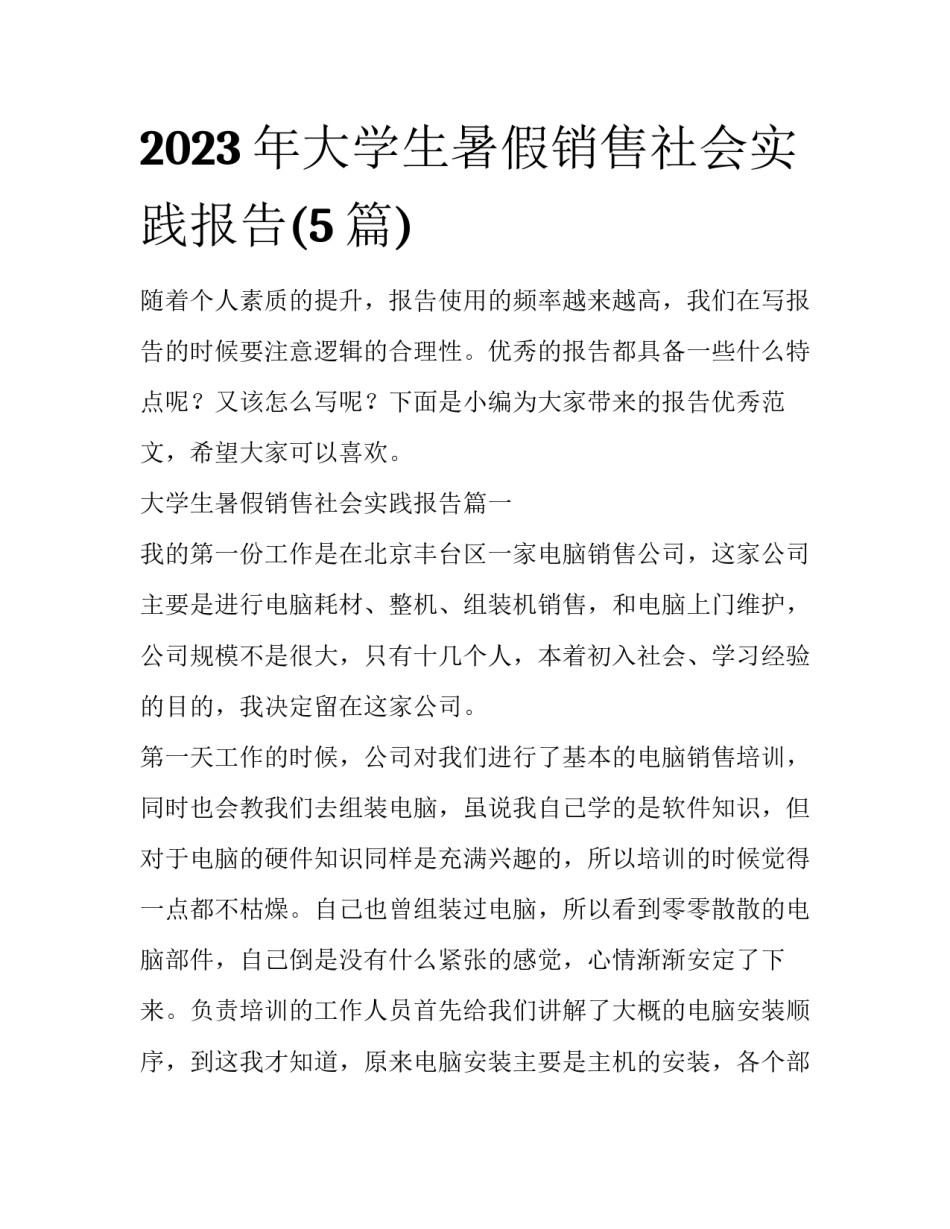 2023年大学生暑假销售社会实践报告(5篇)_第1页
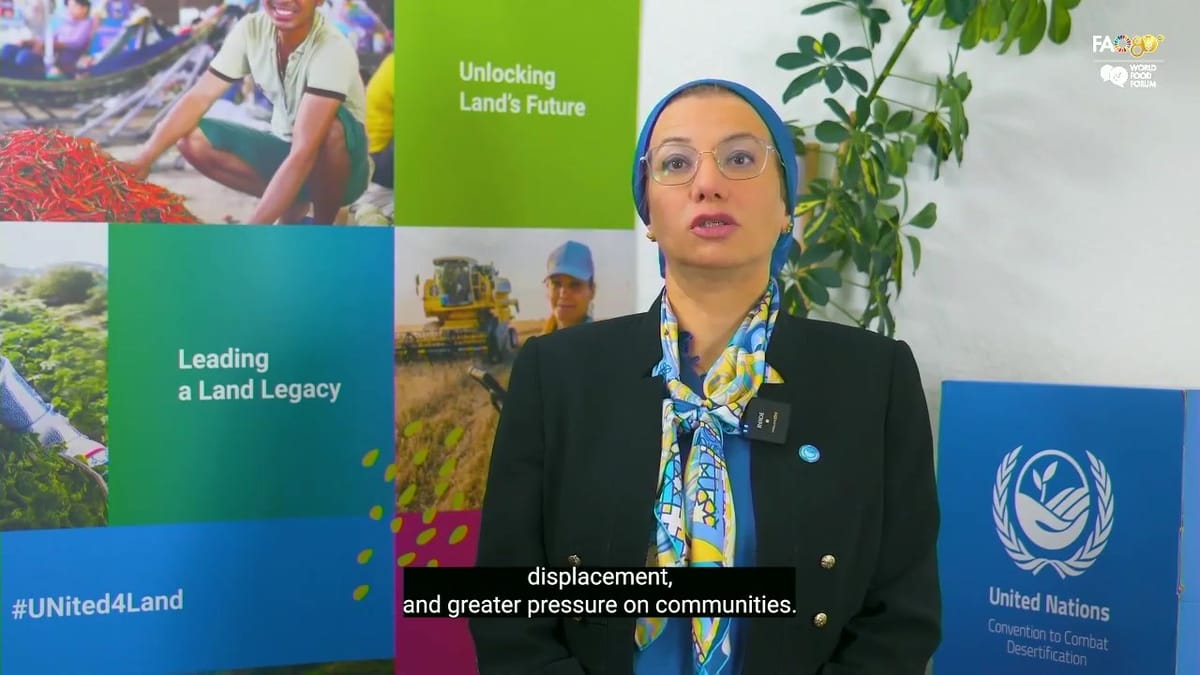 Yasmine Fouad, UNCCD Executive Secretary, in her video message to the Rome Water Dialogue
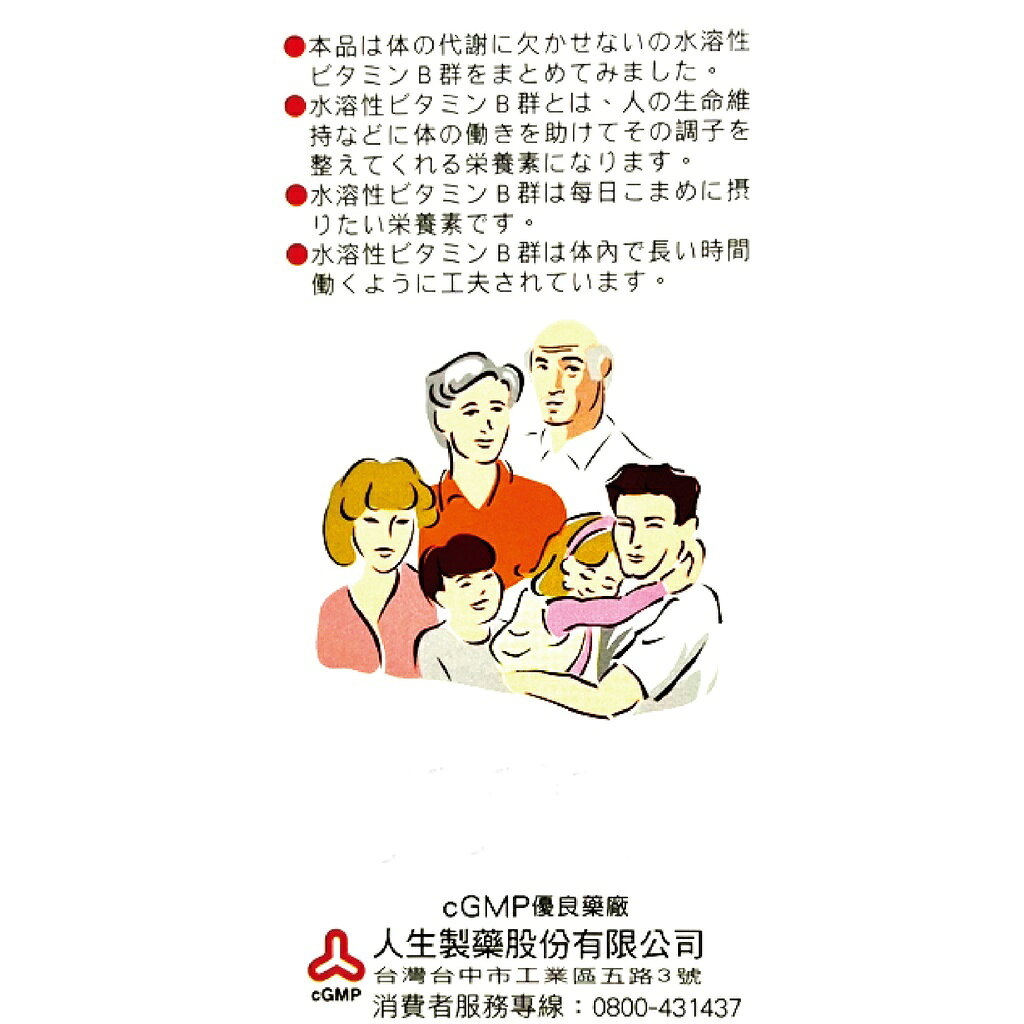 人生製藥渡邊維他命B群糖衣錠 120粒/瓶 3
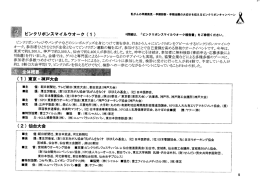ピンクリボンスマイルウォ-ク (ー ) *畔細は、 「ビンクリボンスマイルウォーク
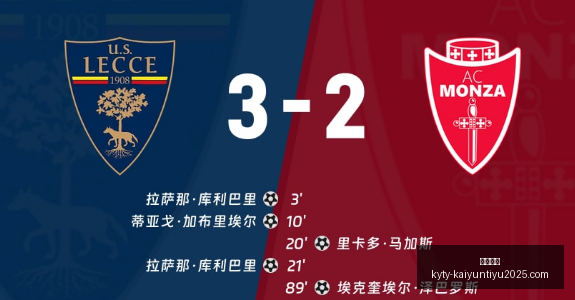 电竞赛事焦,点战,悬念揭晓品,开云体育,开云体育官网,开云体育app下载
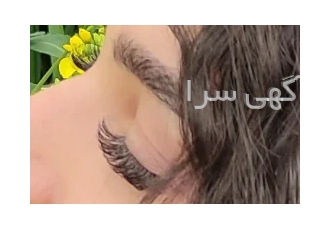 کاشت مژه هیدن در تنکابن شهسوار کاشت مژه هیدن با بهترین مواد مژه ابریشمی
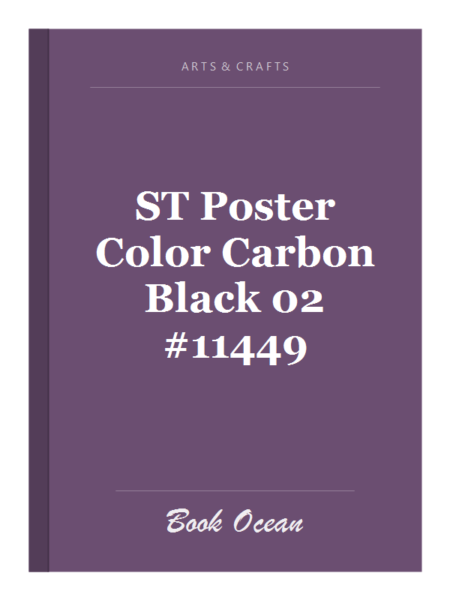 ST Poster Color Carbon Black 02 #11449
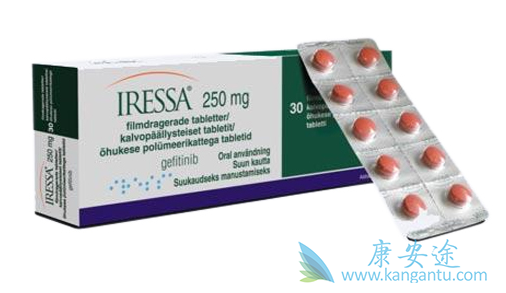 吉非替尼 吉非替尼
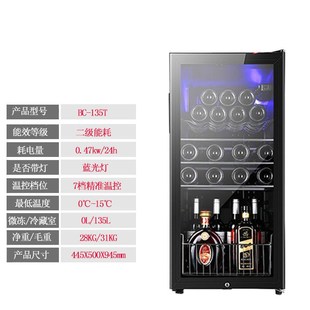 165 100 195BL单门冷藏微冷冻保鲜柜家用办红酒柜 冰吧50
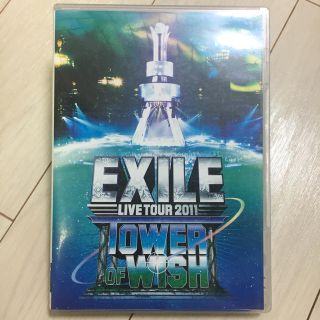 エグザイル(EXILE)のEXILE LIVE TOUR 2011 TOWER OF WISH～願いの塔〜(ミュージック)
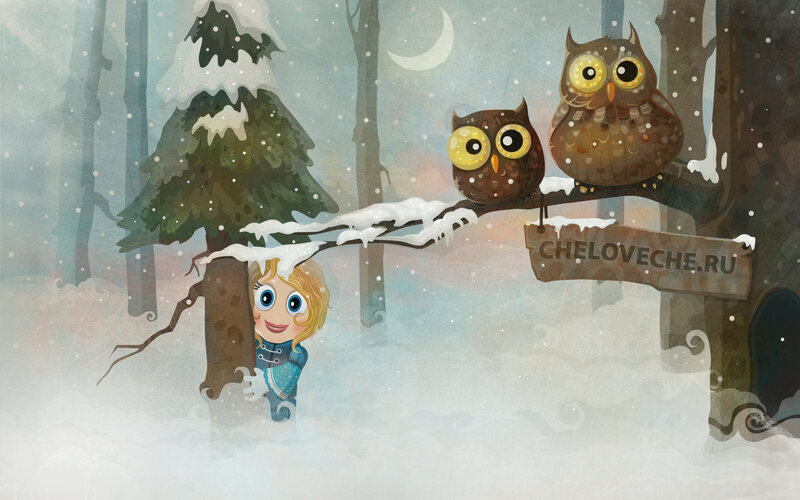 Girl and Owls in Winter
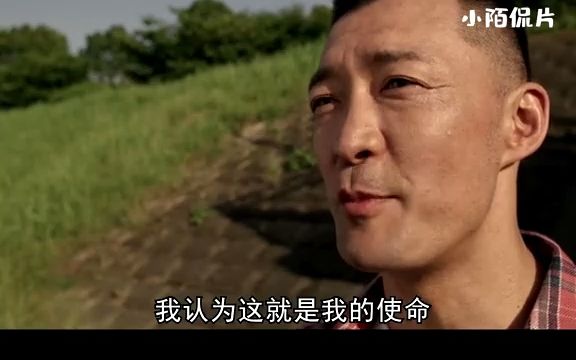 滕宫竟被人类通缉?破灭海神伽库佐姆降临! #奥特曼 #盖亚奥特曼哔哩哔哩bilibili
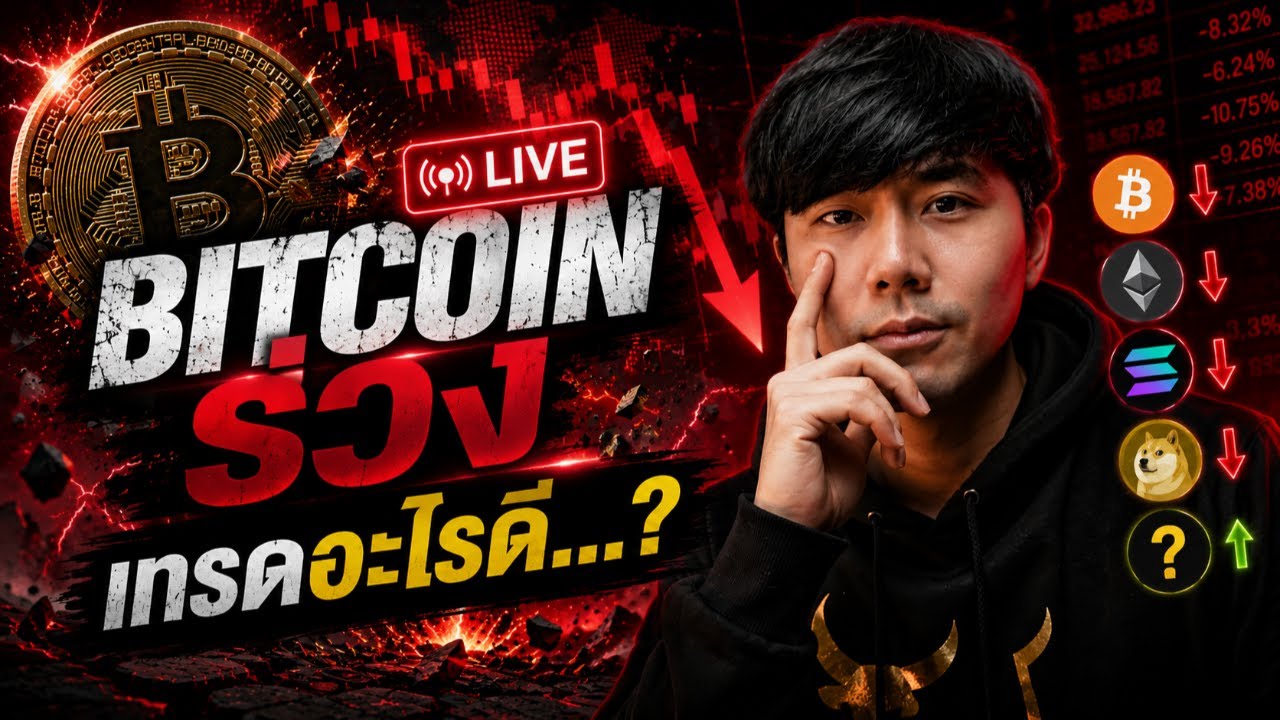 ⁣🔴LIVE 19.30น.!! BITCON ร่วง เทรดอะไรดี...? | ลองลงทุน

* * * * *

- _Work task_: A word-for-word copy of the data above is needed, one that omits the pictures.

- _Result for this task_:
 2023年大学生暑假销售社会实践报告(5篇)_第1页
 Yasmine Fouad, UNCCD Executive Secretary, in her video message to the Rome Water Dialogue
 人生製藥渡邊維他命B群糖衣錠 120粒/瓶 3
ピンクリボンスマイルウォ-ク (ー ) *畔細は、 「ビンクリボンスマイルウォーク
 电竞赛事焦,点战,悬念揭晓品,开云体育,开云体育官网,开云体育app下载
 کاشت مژه هیدن در تنکابن شهسوار کاشت مژه هیدن با بهترین مواد مژه ابریشمی
 ST Poster Color Carbon Black 02 #11449
 吉非替尼 吉非替尼
 165 100 195BL单门冷藏微冷冻保鲜柜家用办红酒柜 冰吧50
 エグザイル(EXILE)のEXILE LIVE TOUR 2011 TOWER OF WISH～願いの塔〜(ミュージック)
 Girl and Owls in Winter
 滕宫竟被人类通缉?破灭海神伽库佐姆降临! #奥特曼 #盖亚奥特曼哔哩哔哩bilibili
 ⁣🔴LIVE 19.30น.!! BITCON ร่วง เทรดอะไรดี...? | ลองลงทุน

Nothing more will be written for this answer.